It has been reported that polyvinyl chloride (PVC) plays an important role in the formation of PAH during pyrolysis.⁶ PVC is the second most used plastic (after polyethylene) because of its low price and durability,⁷ and it is found in significant quantities in municipal solid waste (MSW). Research on PVC pyrolysis has shown that thermal degradation of PVC is a two stage process.⁸ The first stage consists of the progressive dehydrochlorination of the polymer resulting in a conjugated polyene structure as a residue, which can undergo further pyrolysis (second stage) to yield a series of hydrocarbon products.⁹

Studies of the interactions between PVC and biomass during co-pyrolysis will be important for fundamentally understanding PAH formation. Several preliminary studies have been undertaken to investigate the interaction between PVC and biomass during co-pyrolysis. Matsuzawa et al.¹⁰ studied the interaction of cellulose (a major component of biomass) with polyethylene (PE), polypropylene (PP), polystyrene (PS), and PVC by thermogravimetry-direct mass spectrometry (TG-MS). Interaction was reported only for co-pyrolysis of cellulose and PVC. Fourier Transform Infrared Spectroscopy (FTIR) analysis indicated that the char derived from pyrolysis of a mixture of cellulose and PVC had fewer hydroxyl groups and more C=O and C=C bonds compared with the char from pyrolysis of pure cellulose. It was suggested that HCl evolution from the chlorinated polymer promotes reactions of dehydration, scission in the intra-ring of the glucose unit, cross-linkage and charring rather than the depolymerisation of cellulose.¹⁰ McGhee et al. pyrolyzed mixtures of PVC and straw in a tube furnace at a heating rate of 10 K min⁻¹, and showed that the yield of bio-char from straw was increased, and also the bio-char became less reactive, compared with the pyrolysis of straw alone.¹¹

Currently, there is very limited literature investigating PAH formation during the co-pyrolysis of biomass and PVC. Several studies investigating the interactions of PVC and biomass have been carried out under slow pyrolysis conditions.^10,11 However, there are few investigating fast pyrolysis where different heat transfer and mass transfer processes would be expected, resulting in different interactions between plastics and biomass. Also, fast pyrolysis technology is at present considered as an emerging energy technology for liquid-tar and solid-char production, and is preferred to slow pyrolysis technology.¹²

It has been reported that bio-char production from biomass pyrolysis in terms of yield and chemical properties has been significantly affected by the presence of PVC.¹¹ Furthermore, it is not clear whether PAH formation during the co-pyrolysis of biomass and PVC is affected by bio-char generation from biomass pyrolysis.

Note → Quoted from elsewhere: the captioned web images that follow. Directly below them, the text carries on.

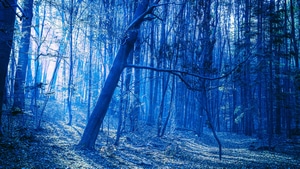 Evening, Forest, Nature, 4K wallpaper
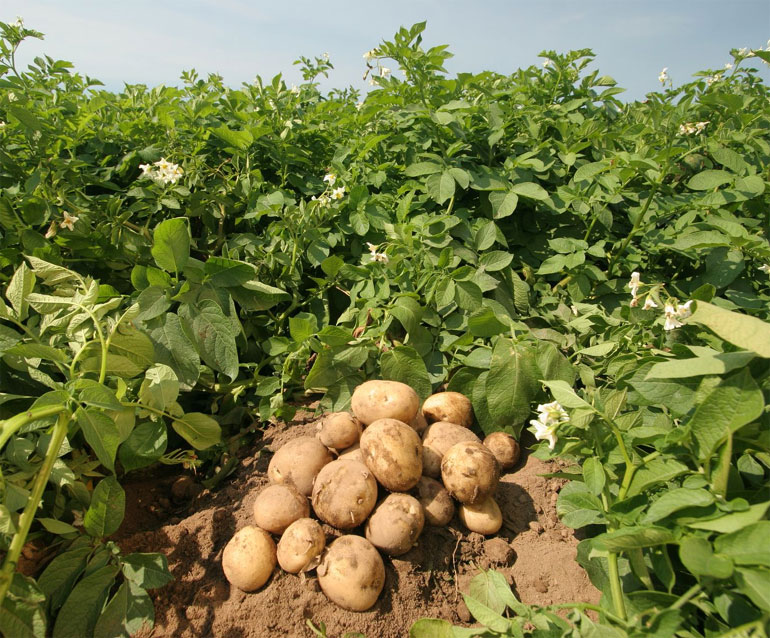 Описание лучших сортов картофеля для средней полосы России: самые урожайные и вкусные0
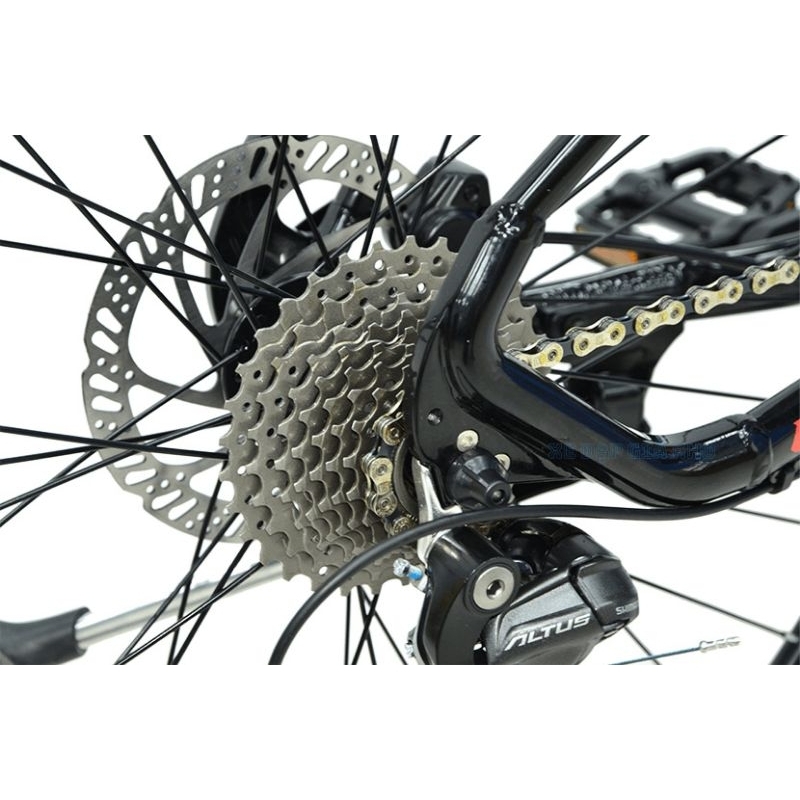 Xe đạp life lion pro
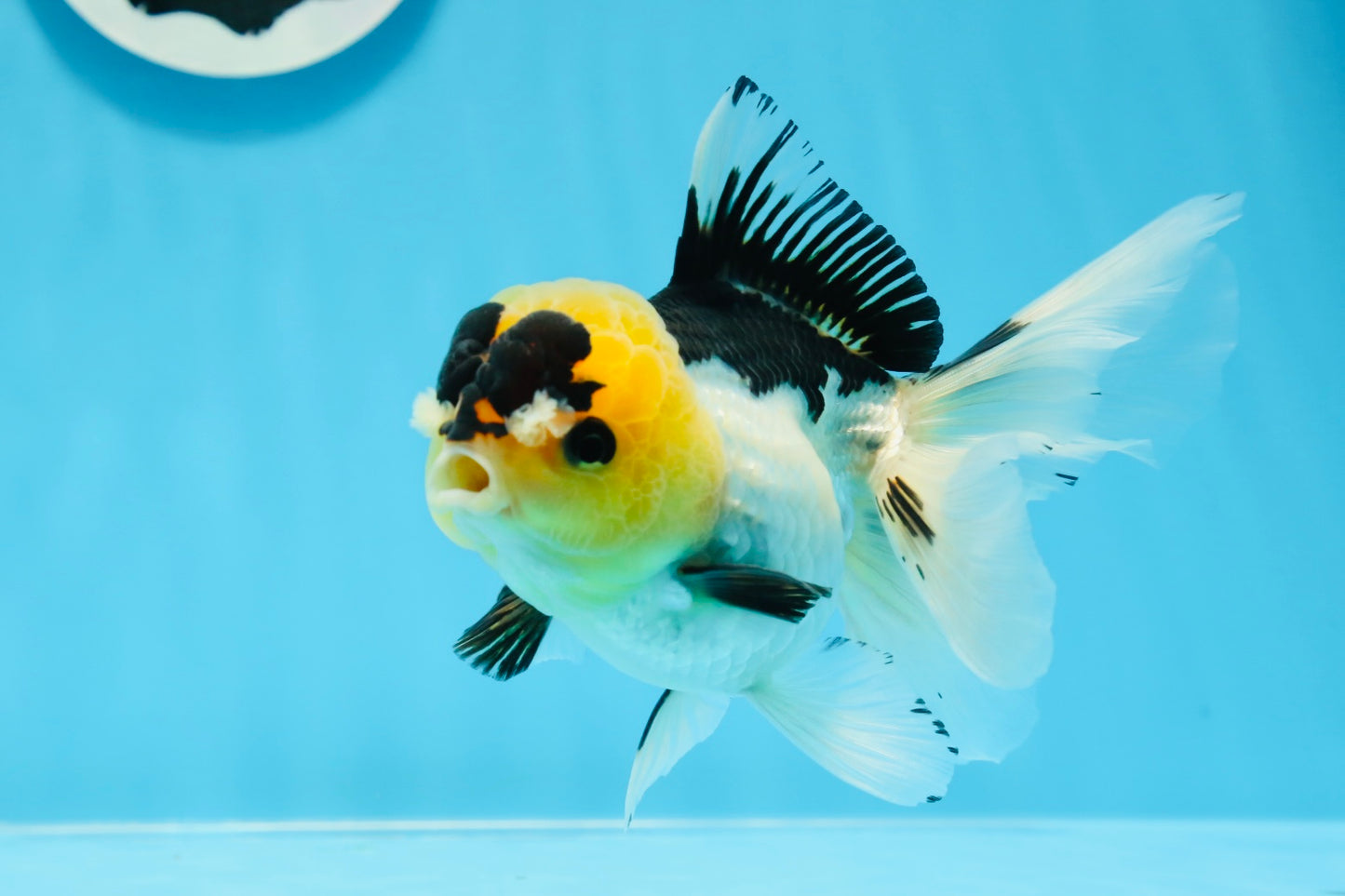 Panda Oranda femelle avec des yeux boutonnés de qualité AAA, 5 pouces #0906OR_25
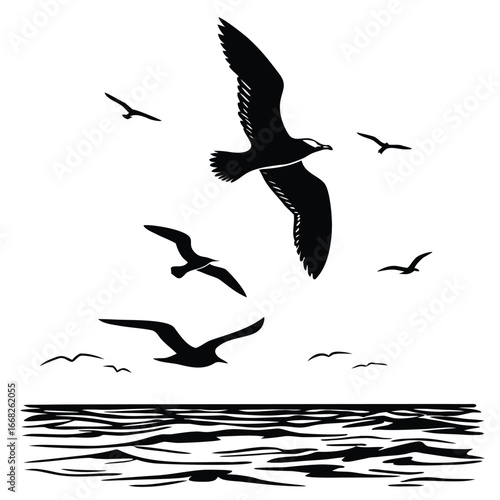 Gulls soaring over open sea silhouette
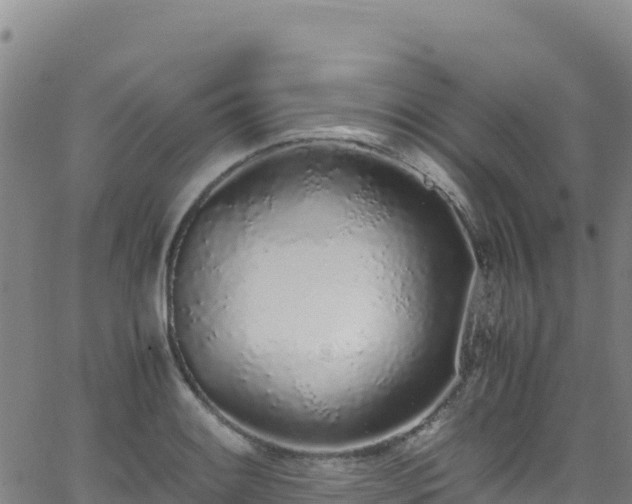 X0000062931084200601181303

In this paper, we investigated the interaction of PVC with three biomass components (hemi-cellulose, cellulose, and lignin) during fast pyrolysis using a fixed bed reactor coupled with a HCl absorption system. The formation of PAH and HCl are discussed, together with the production of other gas and solid residue products.

Materials and methods

Materials

The PVC and xylan (commonly representative of hemi-cellulose, from beech wood) were obtained from Sigma-Aldrich. Cellulose (microcrystalline) was provided from Research Chemicals Ltd. Lignin (dealkaline) was obtained from Tokyo Chemical Industry Co., Ltd. The sample sizes were less than 150 μm. Before the experiments, all the samples were dried at 105 °C. Results of the proximate analysis (thermogravimetric analyser) and ultimate analysis (CE Instruments CHNS-O analyser) of the samples are shown in Table 1.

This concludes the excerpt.